To make their point, presenters demonstrated a typical meeting in today’s dysfunctional environment. With a timer running on screen, attendees watched as meeting participants sat idle awaiting the tardy meeting host to arrive. When he finally appeared, he struggled to start the meeting without his login credentials (which he’d forgotten, a surprisingly common problem) and then tried in vain to find the right cable to connect his laptop to a projector. Eventually, he gave up and emailed his presentation to all of his colleagues.

Time wasted: a lot. Meeting experience: dreadful. And participants come away blaming technology, Coutinho said. “Technology can get to a point where people say, ‘This is hindering the way I get things done.’”

But it doesn’t have to be that way. By placing the user — not the device or platform that a person is using to connect to the conference — at the center of the experience, the modern meeting can look quite different. And delivering that modern experience is a crucial differentiator for companies seeking to attract and retain top talent.

“The modern workforce wants things easy, productive and fast,” said Noel Oquendo, collaboration solutions manager for CDW. And thanks to consumer technologies like Netflix and Apple TV that deliver media experiences seamlessly with just a few button pushes, users have come to expect the same kind of experience at work.

Five Steps to Hosting the Modern Meeting

To get there, CDW recommends five steps in its new Modern Workforce Insight Report:

  1. Survey users to understand the issues they’re having.

  2. Ensure that every endpoint in the meeting environment is supported (including workers’ personal devices).

  3. Choose the right technology based on how the organization works.

  4. Conduct plenty of testing with pilot groups of users.

  5. Ensure that the new solution is adopted throughout the organization.
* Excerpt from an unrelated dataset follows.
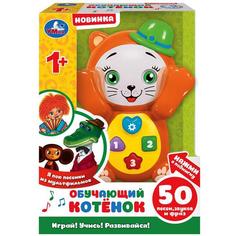 Обучающая игрушка Умка Котенок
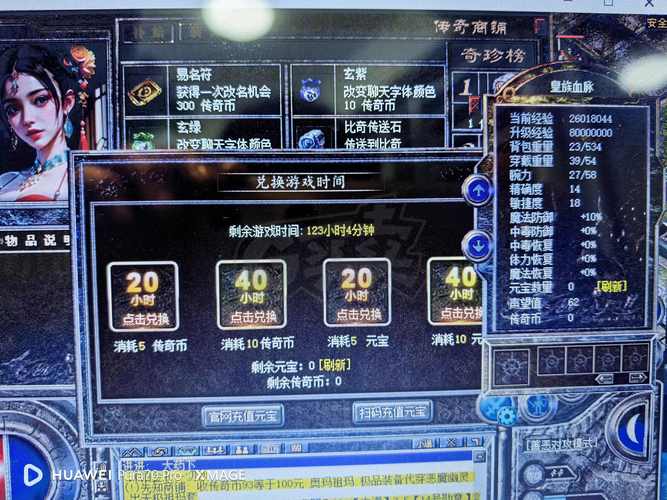 【传奇60级道士多少蓝,传奇16级道士】-第2张图片 【传奇60级道士多少蓝,传奇16级道士】-第2张图片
Contrasting the dysfunctional meeting with a modern meeting experience, Coutinho, Oquendo, and Rafael Silverio, a senior collaboration solutions manager for CDW, demonstrated how employees can connect quickly and easily using Polycom telecommunications equipment, Skype for Business and a Microsoft Surface Hub. There was no need for host authentication and the technology worked easily on their phones and tablets.

But they stressed that the particular set of technology solutions that would be right for a business striving for a modern meeting experience will vary by that business’s circumstances. That’s why they encourage businesses to take advantage of a CDW Collaboration Workshop in which a consultant digs deep into the organization’s collaboration needs and challenges and provides a detailed roadmap to success.

“The most important thing is to place the user at the center of the experience, rather than the technology,” said Coutinho. “If it’s super easy to use, people will use it.”